Swedish automaker Polestar has begun taking orders for the Polestar 4 – the world's first mass-market car to have no rear window.
The Polestar 4 is a five-door electric SUV coupé that has now gone on sale in Europe and Australia following on from its Chinese launch last year.
The omitted rear window is a design feature adapted from the brand's 2020 Polestar Precept concept vehicle and was made possible by technological advances that mean a roof-mounted rear camera now provides a more reliable picture than a rear-view mirror in a coupé.
"Normally, you need to provide for a good rear view with the inner rear-view mirror," said Polestar's head of design Maximilian Missoni.
"We have realised that the technology has reached a point where you can switch out the physical mirror with a digital display and an HD camera."
Eliminating the rear window opened up a number of design opportunities, according to Missoni.
It allowed Polestar to create a particularly smooth roof line on the exterior of the car and stretch the glass roof beyond the occupants' heads while making room for "extremely spacious" reclining rear seats on the interior.
Polestar says this allows for "a new kind of immersive rear occupant experience" where passengers are "cocooned" away from the world and able to take calls, enjoy the entertainment system or bask in ambient lighting with settings inspired by the planets of the solar system.
There is still a rear-view mirror that the driver can use to view the rear passengers, they just need to deactivate the real-time feed from the camera.
Polestar is positioning its fourth vehicle in between the Polestar 2 and Polestar 3 in terms of size and price, and says it is the company's fastest production car, capable of accelerating from 1 to 100 kilometres per hour in 3.8 seconds.
Another feature implemented from the Polestar Precept concept car is the "dual blade" design of the front lights, a new signature for the brand.
In the interior, Polestar has based the design around the theme of "soft tech" and looked to fashion and sportswear as inspiration.
A newly developed 3D knit textile made of recycled PET covers the dashboard, created together with the Swedish School of Textiles and meant to minimise waste.
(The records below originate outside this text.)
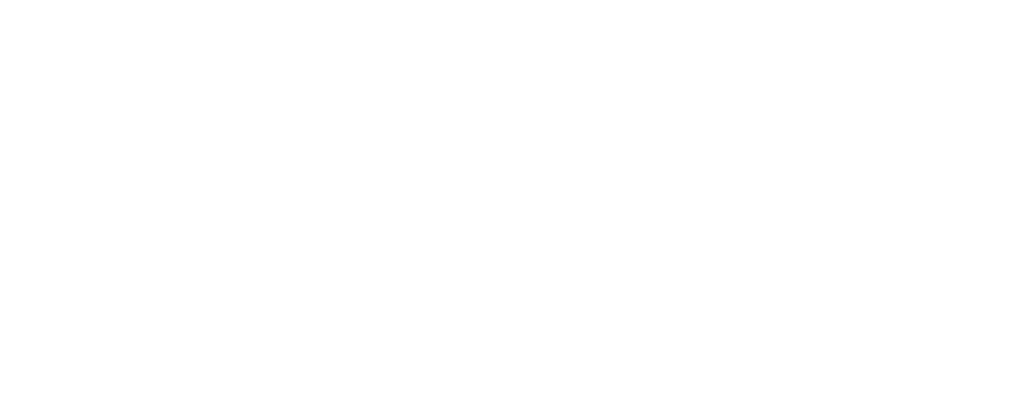 Pro Auto Consultant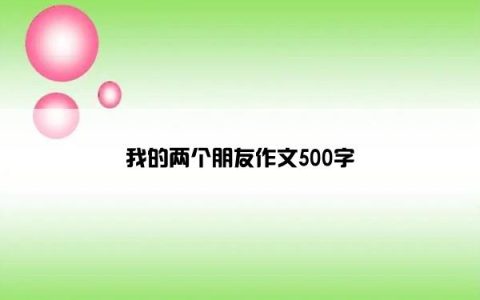 我的两个朋友作文500字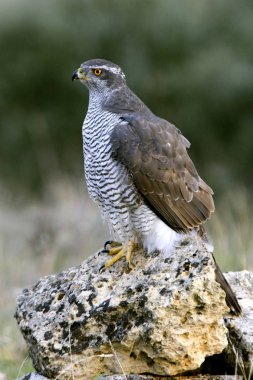 Kuzey çakır kuşu, Accipiter gentilis iki yaşında erkek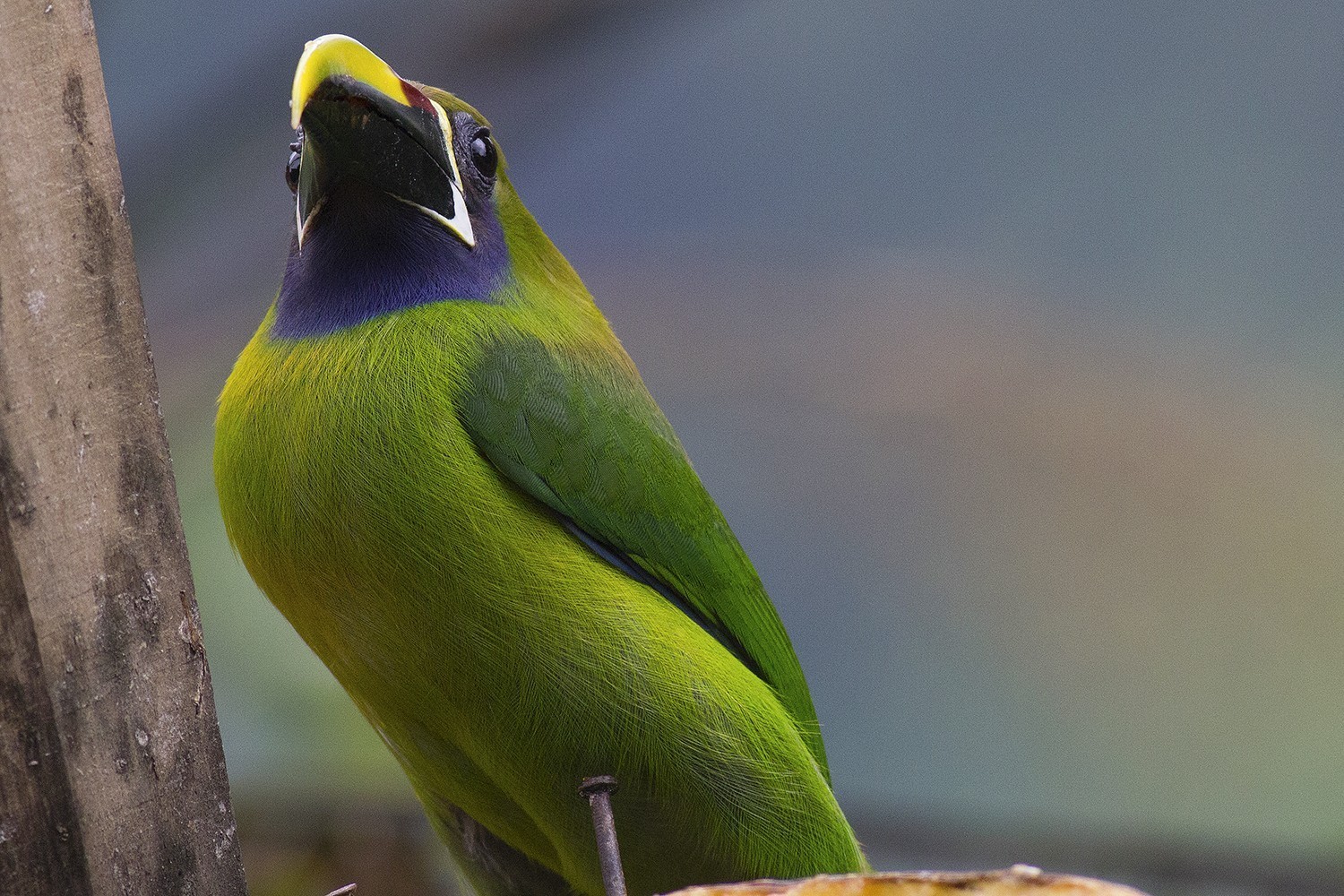 Emerald Toucanet — Ana fotoğraf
Alternatively, the dashboard can be customised in traced leather.
In other areas of the interior, the company says it has started to implement a mono-material approach to make recycling easier.
The sustainable initiatives are in line with Polestar's efforts to produce a climate-neutral car, which it aims to do by 2030 but has admitted is a "moonshot goal".
The company says the Polestar 4 is its lowest-carbon car to date, with a cradle-to-gate footprint of 19.9 tonnes of carbon dioxide equivalent (CO2e) for the single-motor model.
A comparable petrol car would still generate slightly lower emissions up until leaving the factory gate, according to Polestar's own modelling.
But Polestar's production-related emissions are on a downward trend as it has started using low-carbon aluminium from a factory run on hydroelectricity and getting part of its energy from solar panels on the roof of the Geely factory in Hangzhou Bay, where the Polestar 4 is manufactured.
The vehicle is available in two variants: one with a single motor and one with a dual motor. In the latter version, two independent motors control the front and rear wheels for enhanced power and traction.
Both variants have a 100 kilowatt-hour battery, giving a range target of between 580 to 610 kilometres.
Other cars with a camera instead of a rear window include the Aston Martin DBS GT Zagato and Ferrari 812 Competizione, but neither of these is a mass market car.
Production on cars for Europe, the UK and Australia is planned to start in mid-2024 with deliveries being made from August. The first deliveries of Chinese orders were made at the end of 2023.
Polestar is a subsidiary of car brands Volvo and Geely and a competitor to Tesla. Its most recent concept car was the O2 roadster, which comes with its own personal drone.